STUDY MATERIAL |
________
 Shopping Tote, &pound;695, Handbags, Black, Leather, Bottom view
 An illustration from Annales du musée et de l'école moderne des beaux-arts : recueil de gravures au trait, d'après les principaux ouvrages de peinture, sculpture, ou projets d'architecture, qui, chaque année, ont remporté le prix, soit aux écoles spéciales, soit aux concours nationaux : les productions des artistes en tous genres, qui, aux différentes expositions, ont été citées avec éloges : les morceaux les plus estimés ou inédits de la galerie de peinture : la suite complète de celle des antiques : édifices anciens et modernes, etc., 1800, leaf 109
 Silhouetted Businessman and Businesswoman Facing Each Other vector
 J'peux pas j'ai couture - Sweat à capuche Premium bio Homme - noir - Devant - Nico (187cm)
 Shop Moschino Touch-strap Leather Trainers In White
________
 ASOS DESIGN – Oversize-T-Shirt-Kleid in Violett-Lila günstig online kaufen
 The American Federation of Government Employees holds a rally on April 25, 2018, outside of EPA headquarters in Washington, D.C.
________
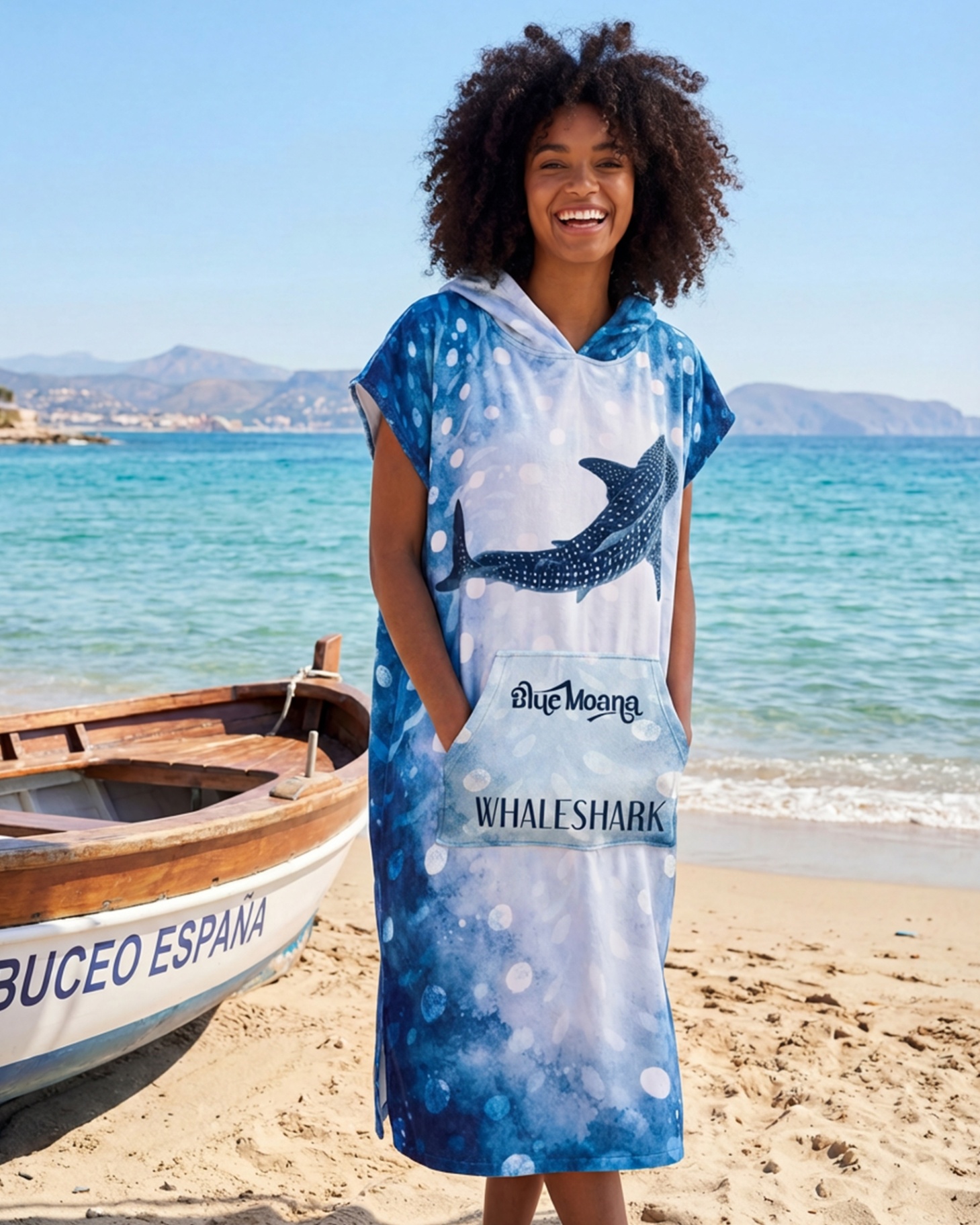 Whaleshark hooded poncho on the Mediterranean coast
________
GOAL OF THE EXERCISE | The expected answer is an exact copy of the lines above, beginning at the line with "J'peux pas j'ai" and ending at the line with "Shop Moschino Touch-strap", with both ends in.

TASK OUTPUT |
 J'peux pas j'ai couture - Sweat à capuche Premium bio Homme - noir - Devant - Nico (187cm)
 Shop Moschino Touch-strap Leather Trainers In White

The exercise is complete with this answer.